Used to be a time you could tell where a band was from just by listening to the music. There wasn’t a band in the UK who could make country sound country or in the US make trad folk sound trad folk. It wasn’t the accent necessarily or the instrumentation or anything you could put your finger on, it just was. But somewhere, sometime, the barriers disappeared. All of a sudden Brits started sounding American and Americans started sounding Australian and Brazilians started sounding like they grew up in Boston or New York or maybe Nashville or Austin. Americana should not be allowed to be called Americana anymore, in fact, because Europe and Australia are playing it better than Americans at times.

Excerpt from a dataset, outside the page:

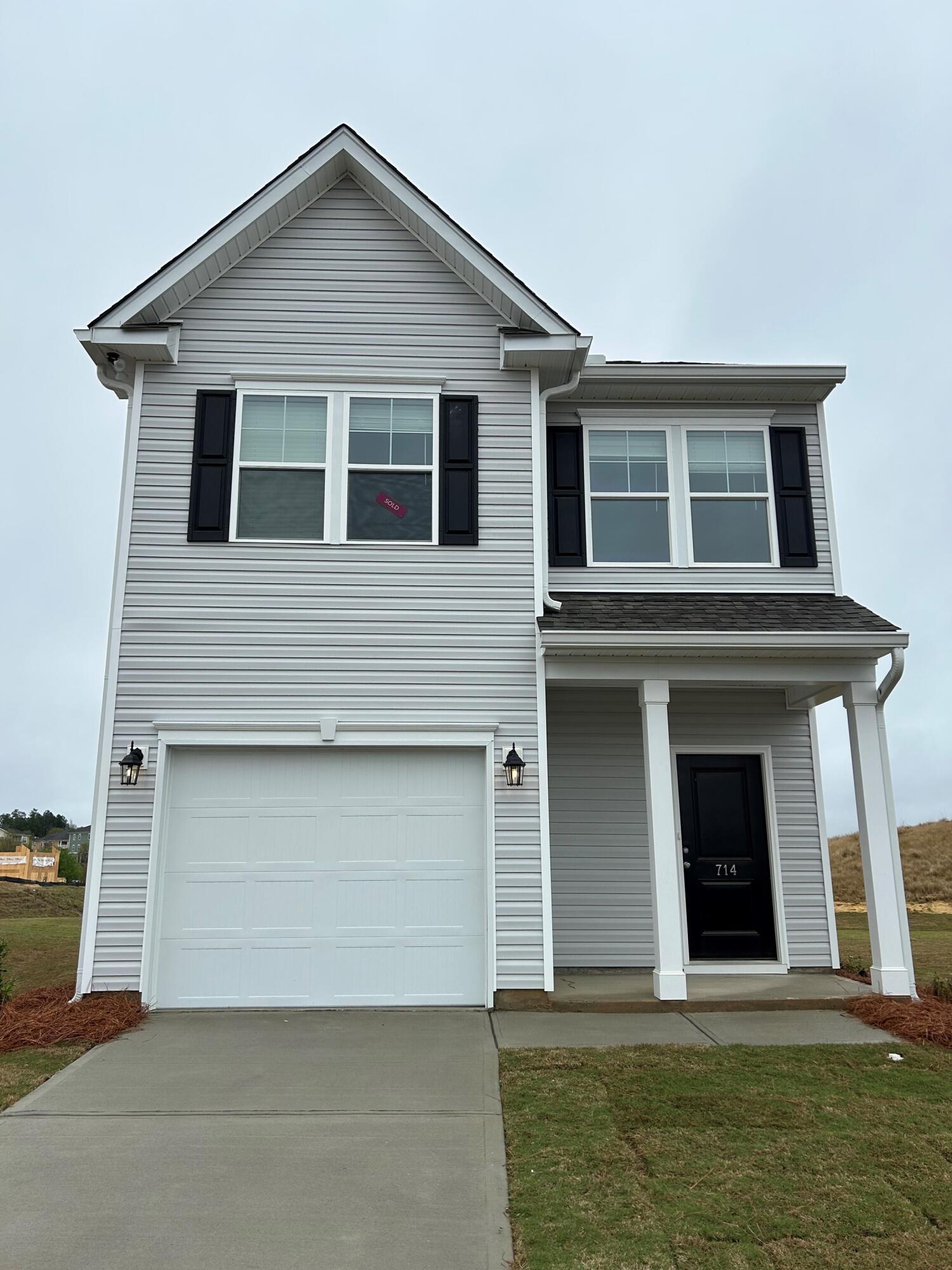 714 MANITOU Circle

I mention this because I have been listening to an Irish band calling themselves The Southern Fold and they sound no more Irish than does Stephen Young & The Union or The Minnows, both top-of-the-line outfits from the land of the shamrock, and it is not any kind of Irish music they are playing, though it is plenty enough original. And I wonder when everything changed.

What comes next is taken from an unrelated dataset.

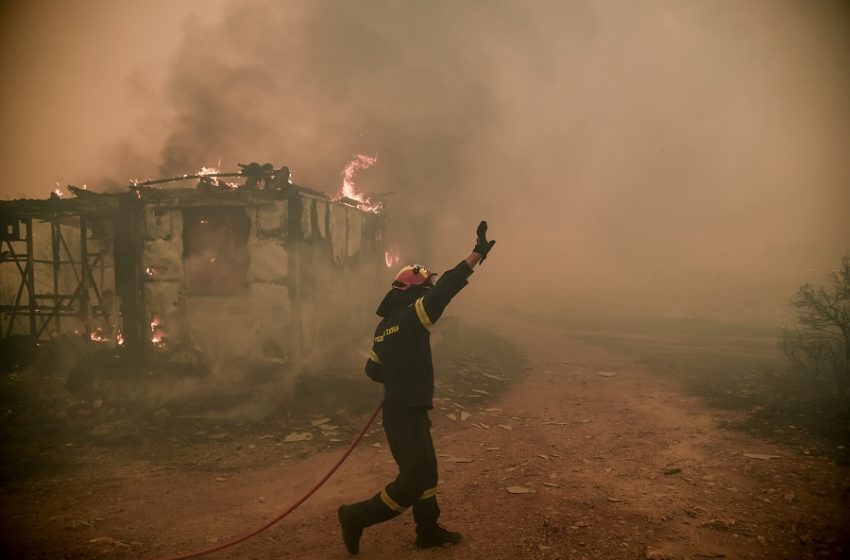  Καίγονται σπίτια στα Βίλια μετά τη νέα αναζωπύρωση – Δραματική η κατάσταση, εκτός ελέγχου η πυρκαγιά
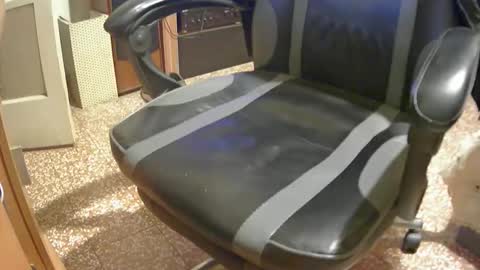 alex81pv1981 online show from April 17, 6:54 pm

I would assume it changed when the Internet took hold and maybe it was so gradual that you could not put a real date on it. I assume that the passing of music past borders digitally changed listening habits of us all and maybe we have not lost but are losing the old cultures. Like television chipped away at the drawling accents of Southerners in The States and probably did for many of the culture pockets around the world. I knew a guy who worked in Japan for three years and for a couple of years after coming back talked English with the slightest change in his enunciation.

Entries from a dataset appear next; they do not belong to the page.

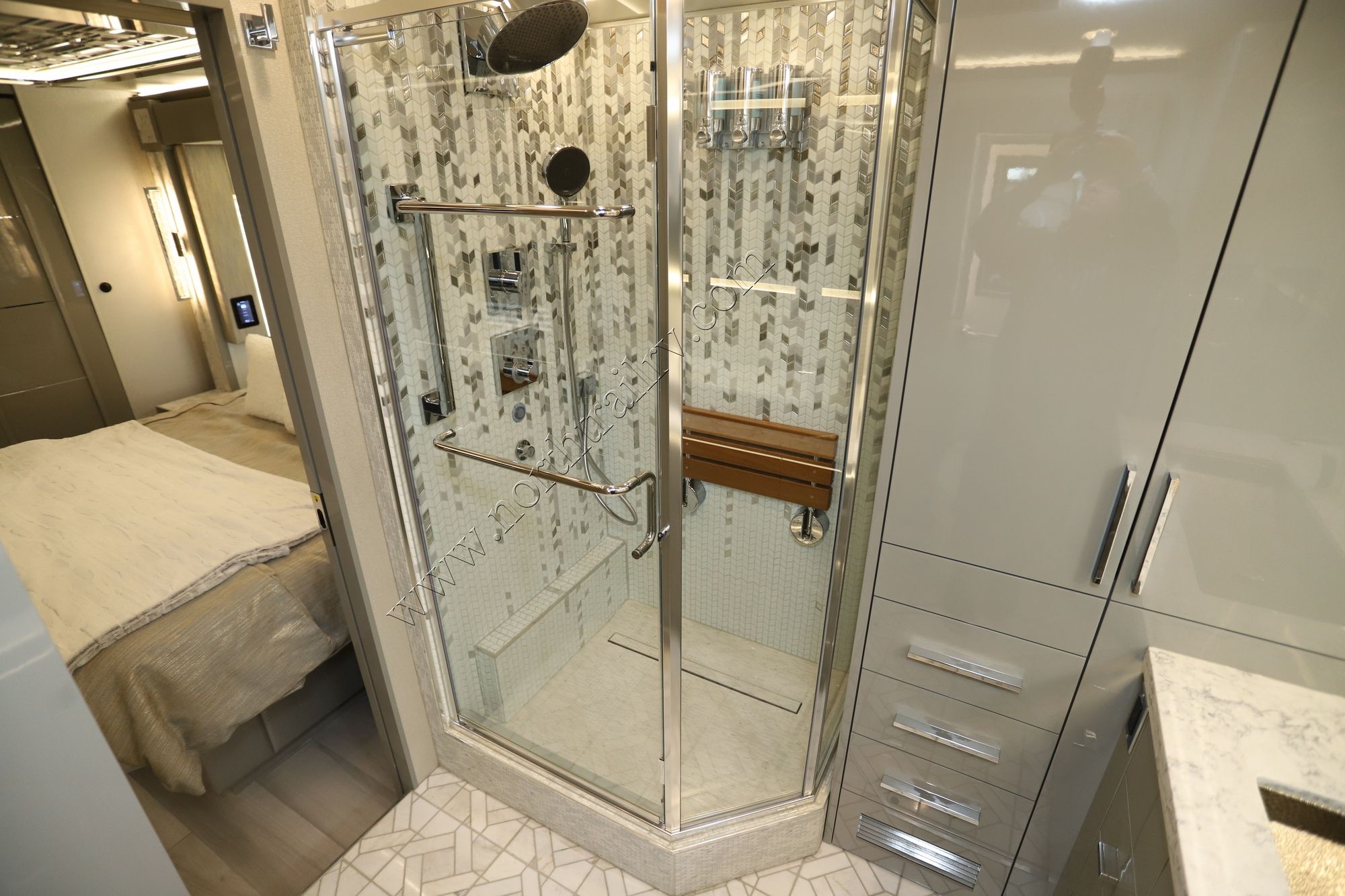 New 2025 Newmar King Aire 4596 Class A  For Sale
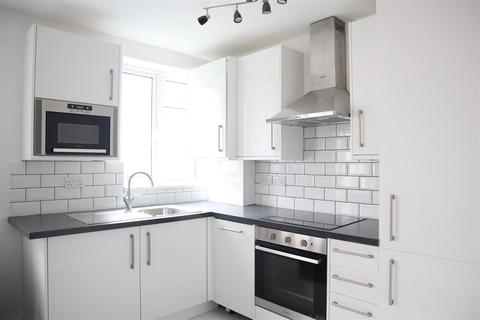 11 Manor Vale, Brentford, TW8 9JP
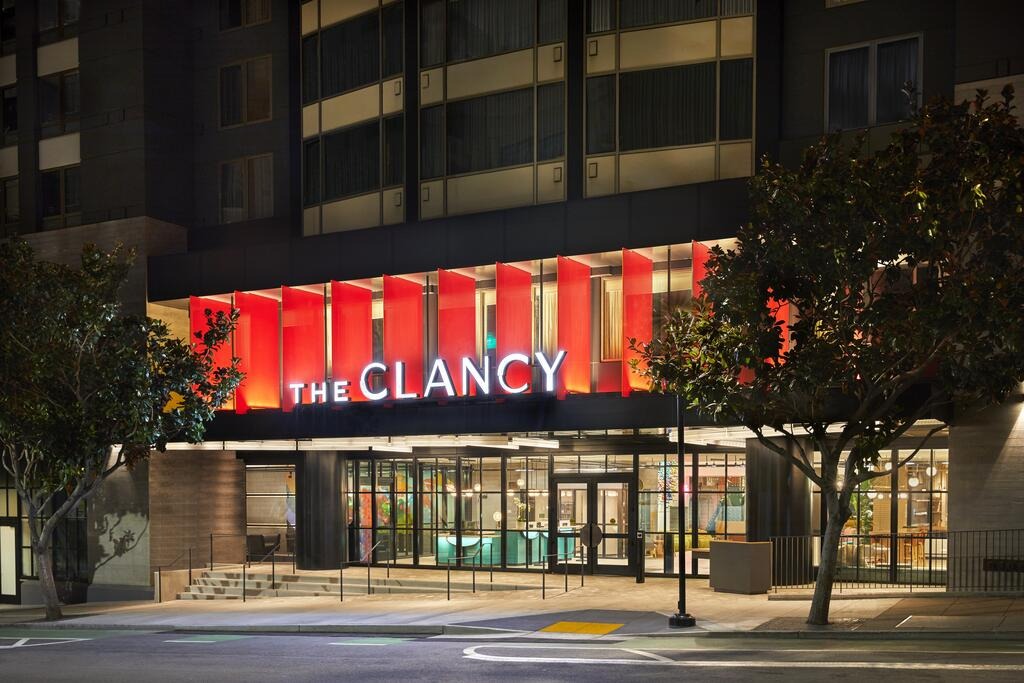 克兰西傲途格精选酒店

Which meant that the first couple of times I heard A True Ascension From the Wayward Path, I found it lacking anything I could recognize as Irish or even British. In fact, had I heard it blind, I would have said The States without hesitation.
Six songs make my point, each one sounding more Kentucky or California than County Cork or County Donegal, starting with the straight-ahead “Death Country,” the acoustic guitar, Dylan-esque harmonica and basic male/female voices giving no clue as to origin. Which leads into a slower and even more basic “Romance in Morphine,” sounding a lot like something Australia’s roots musician Bill Jackson might have written. Then into an upbeat but light “Brand New Day” and after that my favorite song on the mini-album/EP, “Home From the War,” the hook slow and emotional, the song full of meaning beyond just the lyrics, more Josh Ritter or Sam Morrow than anything else I can think of. “Not On My Side” floats over an acoustic guitar/strings road, reflective but somehow positive— and then rain and thunder which magically fades into an old hymn. Capping it off is a primo cover of Leadbelly’s “Where Did You Sleep Last Night” which you may know better as “In the Pines” because most people are too lazy to go beyond the obvious (which in this case is obviously not).
This is pretty much as good as anything America can come up with, so what the hell? Americana it is, and well worth hearing.
And the video above? To really understand the music you should watch and listen to it. There is a story behind the songs. More than one, actually. And they make all the difference.